Highlights of the principles include the following:
- Earnings Guidance: Companies should not feel obligated to provide earnings guidance — and should do so only if they believe that providing such guidance is beneficial to shareholders.
- Non-GAAP Measures and Stock Compensation Expense: While companies may use non-GAAP measures to explain and clarify their results, they never should do so in such a way as to obscure GAAP-reported results. In particular, since stock or options-based compensation is plainly a cost of doing business, it always should be reflected in non-GAAP measurements of earnings.
- Shareholder Engagement: Effective governance requires constructive engagement between a company and its shareholders. The company’s institutional investors making decisions on proxy issues important to long-term value creation should have access to the company, its management and, in some circumstances, the board. Similarly, a company, its management and board should have access to institutional investors’ ultimate decision makers on those issues.
- Board Diversity: Diverse boards make better decisions, so every board should have members with complementary and diverse skills, backgrounds and experiences. It is also important to balance wisdom and judgment that accompany experience and tenure with the need for fresh thinking and perspectives of new board members.
- Board Independence: Truly independent corporate boards are vital to effective governance, so no board should be beholden to the CEO or management. Every board should meet regularly without the CEO present, and every board should have active and direct engagement with executives below the CEO level.

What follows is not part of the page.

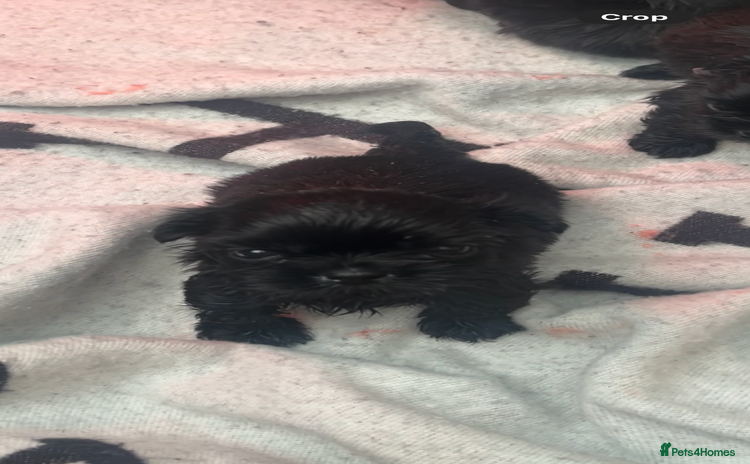 Shih Tzu dogs RARE solid black American imperial  - Advert 1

- Chairman/CEO: Every board needs a strong leader who is independent of management. The board’s independent directors usually are in the best position to evaluate whether the roles of chairman and CEO should be separate or combined. If the board decides on a combined role, it is essential that the board have a strong lead independent director with clearly defined authorities and responsibilities.
- Director Compensation: Companies should consider paying a substantial portion (e.g., for some companies, as much as 50% or more) of director compensation in stock, performance stock units or similar equity-like instruments.
- Management Compensation: Companies should consider paying a substantial portion (e.g., for some companies, as much as 50% or more) of compensation for senior management in the form of stock, performance stock units or similar equity-like instruments. The vesting or holding period for such equity compensation should be appropriate for the business to further senior management’s economic alignment with the long-term performance of the company. With properly designed performance hurdles, stock options may be one element of effective compensation plans, particularly for the CEO.
- Management Succession Planning: Companies should inform shareholders of the process the board has for succession planning and also should have an appropriate plan if an unexpected, emergency succession is necessary.
- Oversight of Significant Risks: Boards should focus on significant risks, including reputational risks. The board should not be reflexively risk averse; it should seek the proper calibration of risk and reward as it focuses on the long-term interests of the company’s shareholders.